Clark stared at her, "You said love was complicated. Your answers aren't aligning."
"Yeah well, your cross examining could use some work too." Chloe sighed, stopping once they arrived at a cross walk.
The light was red.
Clark waited beside her, using his body to block the strong gusts that plagued downtown from hitting her.
"Jimmy loves me." Chloe said to him, and to herself. "He tells me everyday."
"Those are just words." Clark defended, turning ever so slightly to catch her eyes. "Do words really make that much of a difference?"
"No." Chloe said, "It's not the words that matter, Clark." She thought a moment, strands of hair shading her eyes until she said to him, "Love was something I used to not believe in. Something temporary and here and then gone with the next guy." She smiled sadly and shrugged, "But then of course I fell into it. " She laughed wistfully, "And it made all the difference."
There was a moment where everything in Clark stopped, waiting for Chloe to say anything after that.
She didn't.
"You tell him everyday?" Clark asked, still holding on to five minutes ago. Back when they were inside a place they shared so much of their lives together. Back where he had many chances but let them all go. The place where she had kissed him that one night, and both of them had let go.
"I try to." Chloe said, her body sighing once the light turned green, releasing her from Clark's side. She made the first step across the street, and then the next. but she didn't hear Clark's boots behind her, so she turned, making sure he had finally let her off the hook.
He stood at the corner, the only one not moving across. Singled out and marked by the red jacket in the field of dark suits, he wasn't going her way. Clark always did have a way of being the last person to know.
"You could spend a lifetime showing someone that you loved them," Chloe said quietly even over the city noise. She knew he could hear her, "and you can also spend an eternity waiting."
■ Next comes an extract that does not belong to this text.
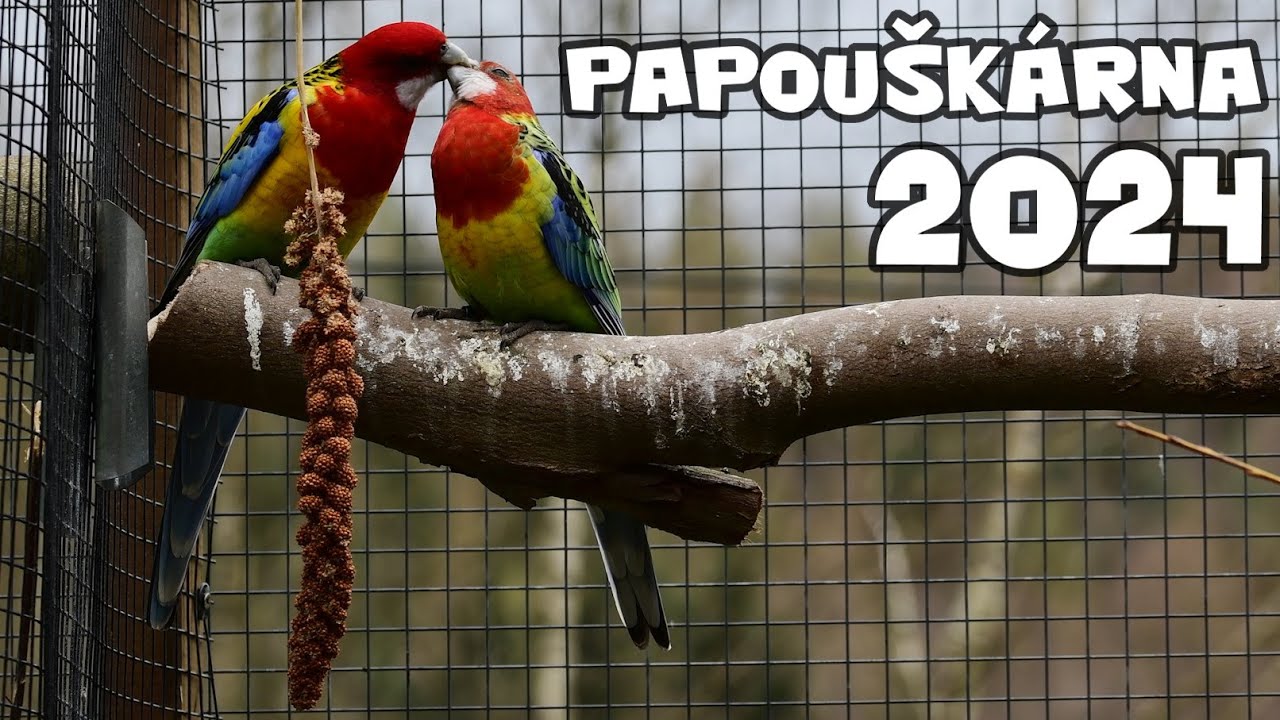 Papouškárna │ Chovná sezóna 2024 │ chov australských papoušků │ australian parrots │ ZAFION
Clark's face was again expressionless, something Chloe would eventually find less mysterious and more disappointing.
"Or you could just tell them." Chloe said resolutely, the cross walk becoming empty with only her standing in he middle of white dotted lines.
They stood across from eachother, on two separate ends. A crowd of people moving between them, and the world colorless except for her glowing, golden hair.
This time Clark would remember this girl, the image of her face, her eyes, her absent smile.
He would remember that he said nothing after that, no words able to save him from the inevitable loss that came with life's ephemeral glory.
Golden hair, and golden noise.
Clark retreated to the next part that he knew.